Information shown section start

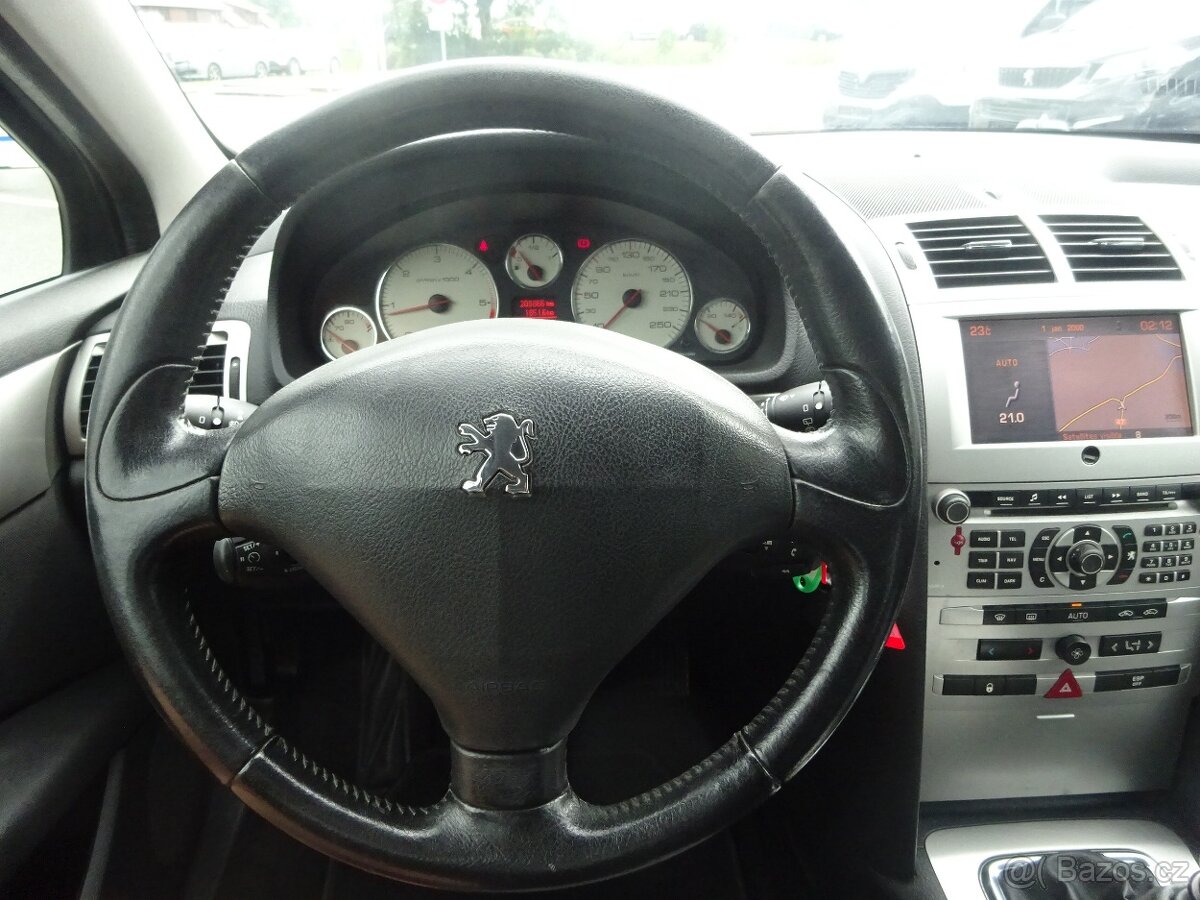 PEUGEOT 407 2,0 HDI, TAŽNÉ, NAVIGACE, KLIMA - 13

Information shown section end
Information shown section start

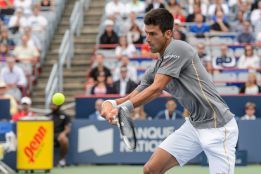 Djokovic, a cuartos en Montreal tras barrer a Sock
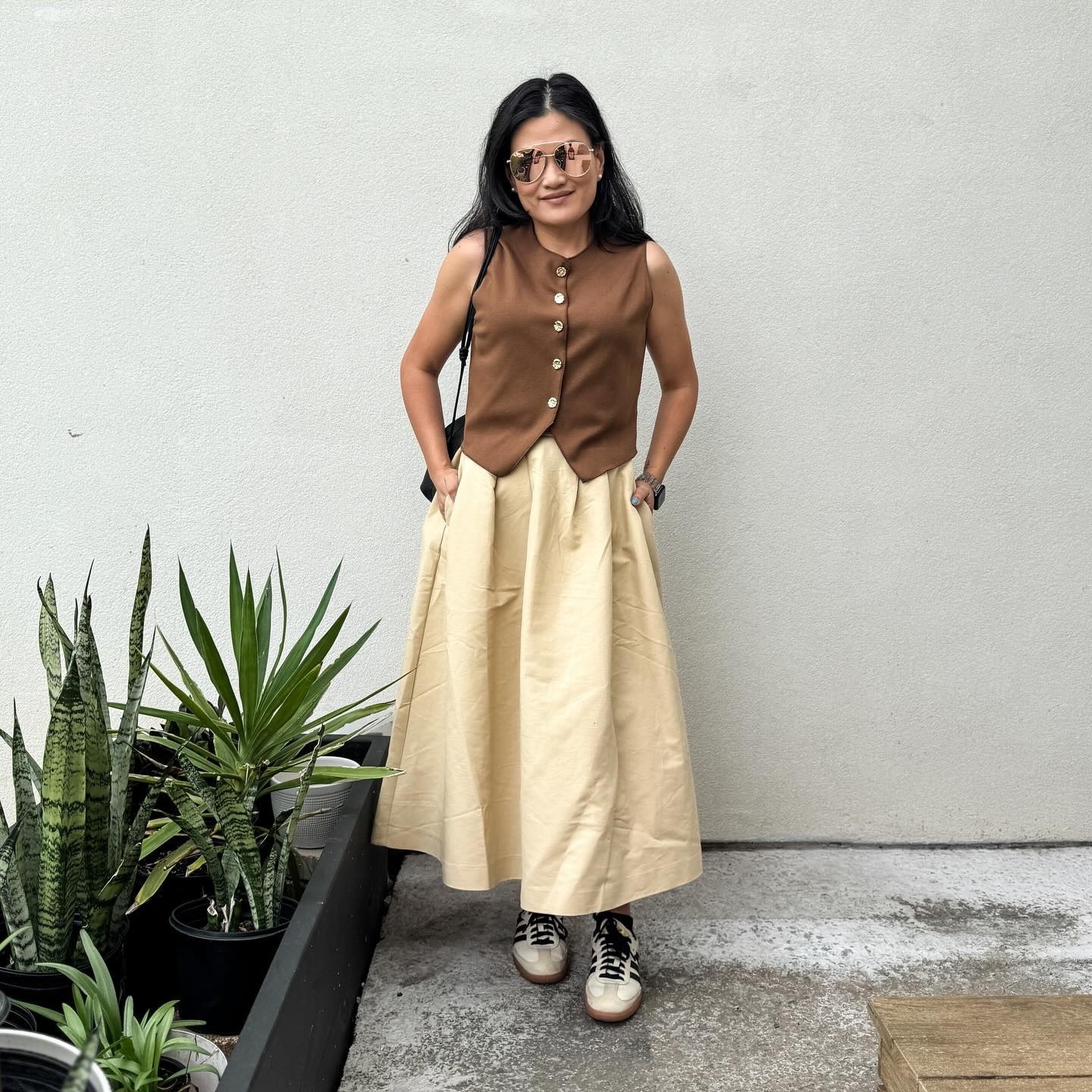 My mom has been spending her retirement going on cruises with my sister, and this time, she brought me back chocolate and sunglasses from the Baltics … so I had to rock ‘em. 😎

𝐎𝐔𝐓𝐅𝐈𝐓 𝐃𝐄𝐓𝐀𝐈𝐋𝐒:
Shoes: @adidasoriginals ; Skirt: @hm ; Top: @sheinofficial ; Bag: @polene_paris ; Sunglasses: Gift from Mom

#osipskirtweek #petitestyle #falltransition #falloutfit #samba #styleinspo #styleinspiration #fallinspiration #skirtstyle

Information shown section end

◆ **Exercise details**
Above are records with pictures. Reproduce exactly only the lines from the line with "My mom has been" through the line with "#osipskirtweek #petitestyle #falltransition", both ends included, and leave the pictures out.

◆ **Your response**
 My mom has been spending her retirement going on cruises with my sister, and this time, she brought me back chocolate and sunglasses from the Baltics … so I had to rock ‘em. 😎

𝐎𝐔𝐓𝐅𝐈𝐓 𝐃𝐄𝐓𝐀𝐈𝐋𝐒:
Shoes: @adidasoriginals ; Skirt: @hm ; Top: @sheinofficial ; Bag: @polene_paris ; Sunglasses: Gift from Mom

#osipskirtweek #petitestyle #falltransition #falloutfit #samba #styleinspo #styleinspiration #fallinspiration #skirtstyle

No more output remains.